TO DO
Using the material below, return exactly the lines between the one holding "محرك بلادي لا تبخير ولا تنقيص" and the one holding "مكان ديالئ الاتصال على الرقم ***********", inclusive, and no others.

RECORDS FOR PROCESSING

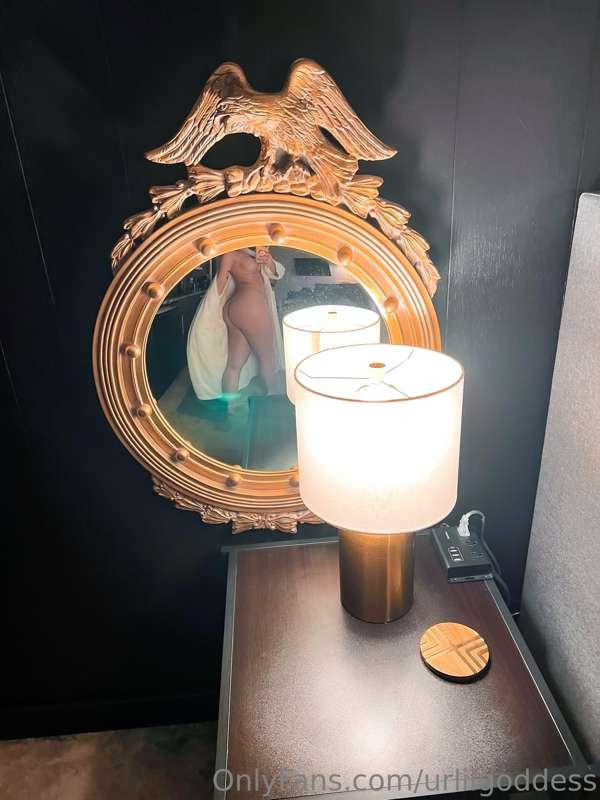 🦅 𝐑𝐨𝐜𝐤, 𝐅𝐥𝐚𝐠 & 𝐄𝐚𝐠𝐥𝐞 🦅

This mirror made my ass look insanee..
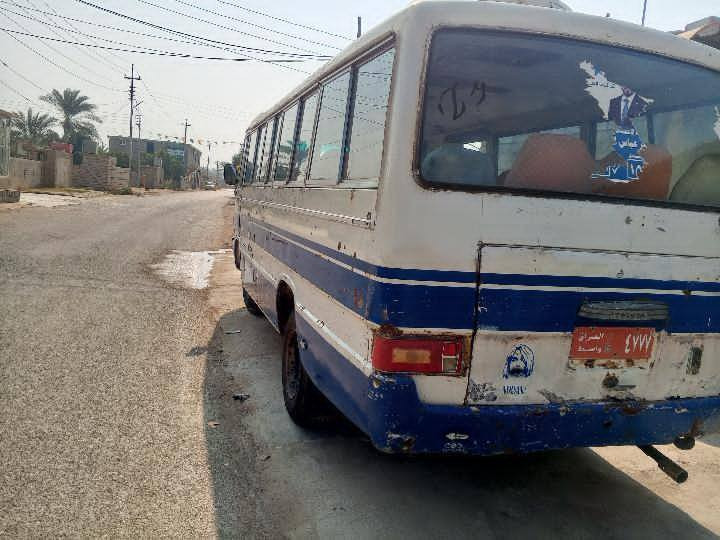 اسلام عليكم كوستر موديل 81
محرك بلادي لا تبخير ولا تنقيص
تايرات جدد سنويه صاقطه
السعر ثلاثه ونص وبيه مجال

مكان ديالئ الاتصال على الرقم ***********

...

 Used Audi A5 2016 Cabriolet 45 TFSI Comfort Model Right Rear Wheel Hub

---

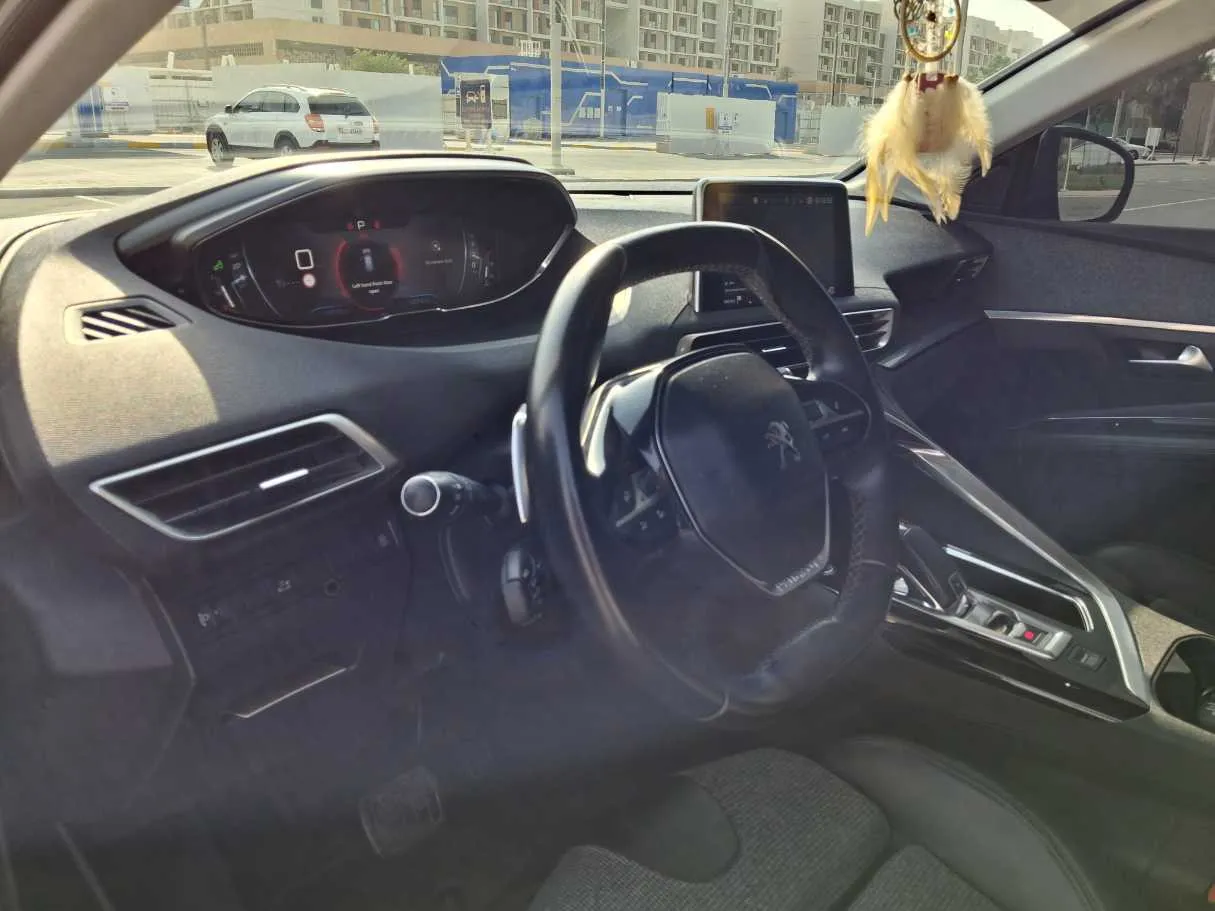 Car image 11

EXERCISE OUTPUT
محرك بلادي لا تبخير ولا تنقيص
تايرات جدد سنويه صاقطه
السعر ثلاثه ونص وبيه مجال

مكان ديالئ الاتصال على الرقم ***********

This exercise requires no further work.